Does anyone else find daffodils irresistible? Their scent is one of my favorites in creation.

It was one of my grandmothers favorite flowers, too. For her 100th birthday [April 4, 2005], long after she couldn’t garden any longer, I bought her 100 daffodils. We lined them up on the sills of her sitting room windows, so it seemed as though she was surrounded again by her own garden.

Last fall, I planted about 150 daffodil bulbs in the new Park Garden, which is out next to the driveway. I added another 40 tulips to the shrub bed. That particular garden focuses on white, pink, and a few purple flowers. It felt like a big number of bulbs to me for sure!

This spring, I got a lovely flush of flowers, and I learned about refining what I plant for selling. I planted lots of King Alfred, which is the standard daff. A great scent, strong yellow, trumpet. BUT [you knew that was coming!] it’s also the one you can pick up at any grocery for $5 a dozen, a price I can’t match.

Now I have a better understanding of what to plant for next spring. This week, I put 450 bulbs in the ground. It’s a weeny number compared to the thousands planted by growers I follow on YouTube, but an exciting number for me!

Tulips and daffs, with a little sparkle called giant snowdrops! I love those green polka dots.

I realized limiting tulips to just pinks and whites wasn’t going to work going forward, so I purchased more bulbs with an eye for what might work well in arrangements with daffodils. I leaned heavily into the orange and corals. I also planted each tulip cultivar together, so I can keep track of how they bloom.

Almost all of them came from Longfield Gardens. I am enjoying success with everything I’ve purchased from Longfield so far. Here’s the lusciousness for next spring:

A friend gave me her old venetian blinds, and they make the best, recycled plant markers! I cut them up and use these Artline Garden Markers. They don’t fade like permanent markers. Now I know where each cultivar is planted.

In an inspired act of forethought, I also marked out the places in the gardens where I would have room to plant more bulbs. Using the blinds with ‘tulips’ or ‘daffs’ written on them, stuck them into the empty spots in spring, and left them there. I knew exactly where to plant this fall!

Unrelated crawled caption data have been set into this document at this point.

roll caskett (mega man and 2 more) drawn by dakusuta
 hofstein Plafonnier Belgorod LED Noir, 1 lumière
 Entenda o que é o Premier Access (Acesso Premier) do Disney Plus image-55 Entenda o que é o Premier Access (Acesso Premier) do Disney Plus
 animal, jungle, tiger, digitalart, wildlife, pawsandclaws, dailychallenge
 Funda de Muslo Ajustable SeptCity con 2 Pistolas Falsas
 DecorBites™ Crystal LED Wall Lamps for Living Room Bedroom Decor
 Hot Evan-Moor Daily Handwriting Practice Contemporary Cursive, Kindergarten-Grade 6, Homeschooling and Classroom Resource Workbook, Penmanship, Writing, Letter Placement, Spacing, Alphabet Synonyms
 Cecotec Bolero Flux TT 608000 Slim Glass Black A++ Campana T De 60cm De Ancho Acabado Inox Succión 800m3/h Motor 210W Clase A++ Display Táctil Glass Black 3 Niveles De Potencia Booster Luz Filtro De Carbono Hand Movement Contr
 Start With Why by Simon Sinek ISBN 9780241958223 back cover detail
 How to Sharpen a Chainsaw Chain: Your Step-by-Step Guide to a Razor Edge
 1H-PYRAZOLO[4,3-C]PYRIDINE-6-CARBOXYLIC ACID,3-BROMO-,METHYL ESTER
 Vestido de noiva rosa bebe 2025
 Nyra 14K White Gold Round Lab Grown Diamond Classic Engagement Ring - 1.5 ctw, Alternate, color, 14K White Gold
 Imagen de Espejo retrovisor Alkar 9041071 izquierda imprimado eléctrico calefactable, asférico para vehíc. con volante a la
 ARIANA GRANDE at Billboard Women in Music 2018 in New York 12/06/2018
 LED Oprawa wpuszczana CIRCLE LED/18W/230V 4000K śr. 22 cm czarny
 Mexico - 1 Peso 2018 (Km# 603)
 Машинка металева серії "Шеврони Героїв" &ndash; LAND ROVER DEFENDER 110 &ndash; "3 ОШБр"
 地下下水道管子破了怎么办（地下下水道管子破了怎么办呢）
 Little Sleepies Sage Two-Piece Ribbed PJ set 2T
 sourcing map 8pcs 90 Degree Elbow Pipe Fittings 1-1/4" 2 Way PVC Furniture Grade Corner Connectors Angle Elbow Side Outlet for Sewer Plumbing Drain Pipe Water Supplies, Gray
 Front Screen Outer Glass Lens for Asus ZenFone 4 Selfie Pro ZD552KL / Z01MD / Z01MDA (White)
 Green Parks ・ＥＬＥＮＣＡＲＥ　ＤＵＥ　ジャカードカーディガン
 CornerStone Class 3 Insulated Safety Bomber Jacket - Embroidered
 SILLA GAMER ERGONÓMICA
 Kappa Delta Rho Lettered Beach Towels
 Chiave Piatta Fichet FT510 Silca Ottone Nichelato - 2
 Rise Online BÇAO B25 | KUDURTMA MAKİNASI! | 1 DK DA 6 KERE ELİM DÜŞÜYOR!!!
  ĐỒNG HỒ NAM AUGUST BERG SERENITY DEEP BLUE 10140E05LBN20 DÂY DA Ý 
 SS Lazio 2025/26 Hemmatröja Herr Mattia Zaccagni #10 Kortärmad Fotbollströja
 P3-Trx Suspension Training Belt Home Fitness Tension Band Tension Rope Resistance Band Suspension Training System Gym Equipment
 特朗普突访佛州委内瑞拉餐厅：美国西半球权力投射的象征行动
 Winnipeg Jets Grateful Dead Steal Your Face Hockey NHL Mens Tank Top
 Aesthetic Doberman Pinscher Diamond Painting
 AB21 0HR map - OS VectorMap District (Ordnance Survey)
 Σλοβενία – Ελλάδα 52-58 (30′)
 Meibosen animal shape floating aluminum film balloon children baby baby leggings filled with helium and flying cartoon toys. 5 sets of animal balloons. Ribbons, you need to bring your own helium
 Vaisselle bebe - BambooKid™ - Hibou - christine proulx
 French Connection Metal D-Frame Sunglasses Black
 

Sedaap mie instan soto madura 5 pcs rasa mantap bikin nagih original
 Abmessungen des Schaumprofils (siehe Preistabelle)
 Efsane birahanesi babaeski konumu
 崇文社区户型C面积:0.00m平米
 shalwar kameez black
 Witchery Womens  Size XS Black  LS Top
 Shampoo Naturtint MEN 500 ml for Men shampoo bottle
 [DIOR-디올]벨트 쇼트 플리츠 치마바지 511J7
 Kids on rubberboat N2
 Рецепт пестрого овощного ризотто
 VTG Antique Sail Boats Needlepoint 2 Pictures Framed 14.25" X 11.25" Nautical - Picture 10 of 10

More daffodils are even more exciting though! I bought a 200 bulb cutting flower mix special offered by Nicole at Flower Hill Farm and C&J Farms LLC. These are planted in the Park Garden area.

Then, because I have zero self-control and there was a sale at Longfield Gardens, I got these gorgeous daffs:

So dreamy.

I didn’t want to plant them by cultivar [like I did with the tulips], but I did want to be able to keep them apart from the other mixes. After thinking about naturalizing bulbs, I picked a space in the lawn between two beds to plant them.

I emptied the bags into a box and mixed them up.

I’d been using my smallest auger, but look at the size of these bulbs! Out came a bigger auger.

Instead of planting the bulbs in soldierly rows, I grabbed a handful, tossed them in the air, and planted them where they fell. It makes a random pattern in keeping with naturalized flowers. Some fall side by side, and some further away.

The lawn is compacted and with grass so dense I could barely get the auger into the ground. After the first couple holes I gave up and went to get Mr. Bee’s drill. I love my Ryobi tools to bits but I needed more oomph for this job.

Now I was cookin’ right along, and had all the bulbs planted in no time. First I drilled each hole, added Espoma Bulb-tone, dropped in the bulbs [pointy side up, peeps], and covered them back up. Easy-peasy, except when I hit a rock and thought my wrist would break.

Oh my goodness, I am impatient to see them this spring! I hope my first effort at naturalizing daffodils works!